Google+ Followers

Wednesday, 26 January 2011

BUY: Orascom Construction Industries « Alpha Dinar- talking Gulf finance

In our latest post, “Saud” highlighted the political risk in Egypt and the buying opportunities created by the recent Egyptian stock market sell-off. Some really great companies are on sale, and I would be a buyer of Orascom Construction Industries (OCIC EY). OCIC is not only the largest listed construction contracting company in the MENA region, but also a major producer and exporter of fertilizers. The stock is down 6% since the outbreak of the Tunisian revolution, thus, creating an attractive entry-point. The weakness in the Egyptian Pound is yet another advantage for OCIC as costs are in Egyptian Pounds but revenues are mostly in stronger international currencies. Trading at EV/EBITDA multiples for 2011 and 2012 of 8.9x and 7.3x respectively, the company is decently valued for estimated EPS growth of over 100% from the end of 2009 to 2012.

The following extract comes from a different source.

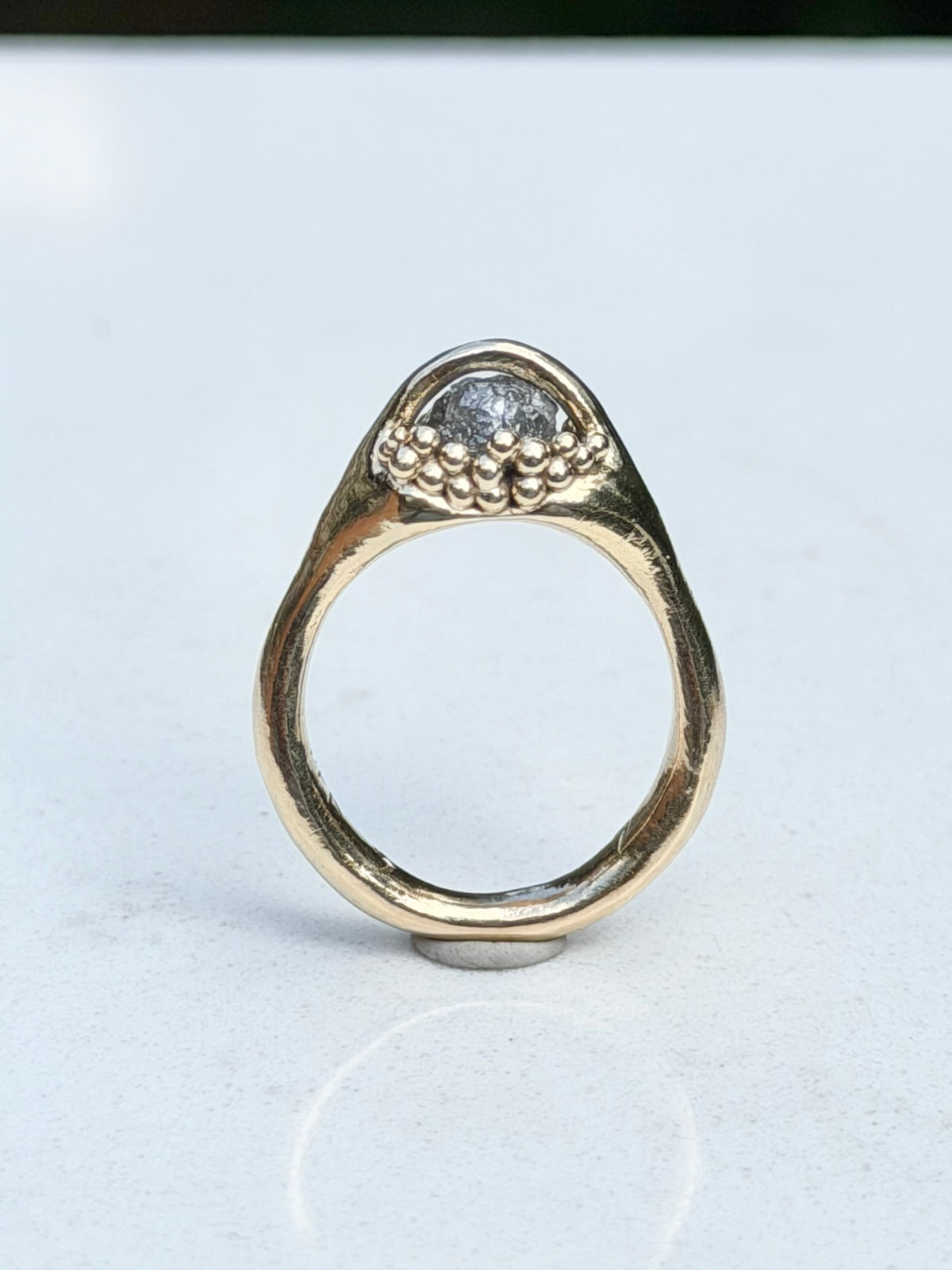14k Mycelium Ring with rough diamond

OCIC has a strong balance sheet with no meaningful debt-outstanding until 2013. In addition, its hybrid exposure to fertilizers and construction is an ideal leverage on the global growth story. Fertilizer prices have been rising since June of 2010 and are expected to continue their upward surge as grain prices increase, the Chinese extend their high tariff period, and the market expects a bad crop in 2011. Moreover, there is a seasonality factor in play as the spring application season is at the door. In fact, Credit Suisse raised their price assumptions on fertilizers on January 14th. OCIC has a clear cost advantage in fertilizers as it benefits from low cost long-term gas contracts in Egypt and Algeria. These factors will contribute to a solid year for OCIC’s highly-lucrative fertilizer business.

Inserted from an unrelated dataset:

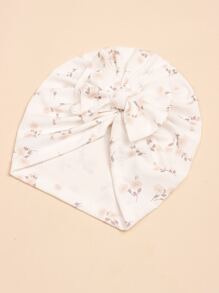1pc Twisted Printed Bowknot Baby Turban Cap Amor Dia dos Namorados - Branco - Ver 4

The construction side of the business has been a drag in the short-term as the company’s backlog of contracts continued to decline. Please refer to the “Backlog Breakdown” below for greater details on OCIC’s major customers. Qatar alone accounts for 18.3% of the backlog, while Abu Dhabi stands at 15.2% and GCC Other stand at 3.6%. With the Qatar 2022 World Cup bid all sealed up, we expect more from Qatar. More importantly, I expect a substantial increase in contracts from the GCC on the back of surging oil prices. This is what drove the out-performance of OCIC in the 2007-2008 period and I expect a similar albeit less-pronounced pattern to emerge in the 2011-2012 period.